To be widely used, currency needs stability and even the most well-established cryptocurrency, the Bitcoin, exhibits extreme volatility. Cryptocurrency and blockchain technology are still on the cutting edge and undergoing tremendous change. However, the infrastructure is growing and becoming stronger everyday.
Thousands of blockchain projects have been introduced or are in development – the competition is fierce. Investing in most cryptocurrencies carries great risk, like investing in a start-up company or venture capital – where most of them will fail. Cryptocurrency risk is accentuated by the fact that there is not a company in the background producing a cash flow. For you to profit, someone else must be willing to pay more than you did, a concept referred to as the “greater fool theory”.
A few cryptocurrencies, such as Bitcoin, Ethereum, Litecoin and Tether are starting to gain legitimacy. Good long-term investments depend on widespread adoption to succeed. Many investors are starting to use Bitcoin as a store of value and hedge against inflation, similar to the way people invest in gold. However, Bitcoin is virtual and not backed by a hard asset. Bitcoin has a limited supply and, as a scarce resource, could gain widespread use as a digital form of cash. Some believe the value will rise if the demand continues to exceed the limited supply.

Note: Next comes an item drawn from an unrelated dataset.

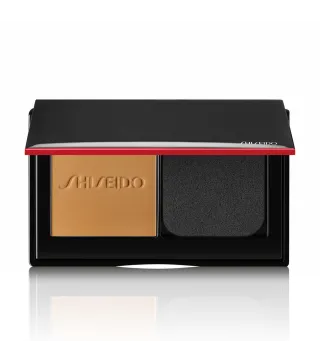 SHISEIDO CUSTOM FINISH BASE EN POLVOS 360 1UN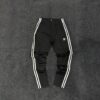 Adidas original clothing India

Bitcoin has gained additional legitimacy as many large companies such as AT&T, PayPal, Microsoft and Overstock.com have started accepting Bitcoin as payment. As it becomes more widely accepted, investors will start to recognize it as a legitimate asset class in their portfolio or as a vehicle for low-cost money transfers.
If you decide to invest in cryptocurrency, treat it as an extremely volatile speculative investment. Start with a small amount that you can afford to lose. You should probably stick with the most well-known currencies and thoroughly research them before you buy. As with any investment, never invest in something that you do not fully understand. Cryptocurrencies are created for different uses, educate yourself to develop a full understanding of the currency you are considering.
Cryptocurrencies have a short history of about 12 years, and they are exceedingly difficult to value. The value is largely dependent on supply and demand and is prone to wild swings. The currencies can be subject to bubbles created by enthusiastic investors acting on emotion. If you decide to move forward, do so with great caution.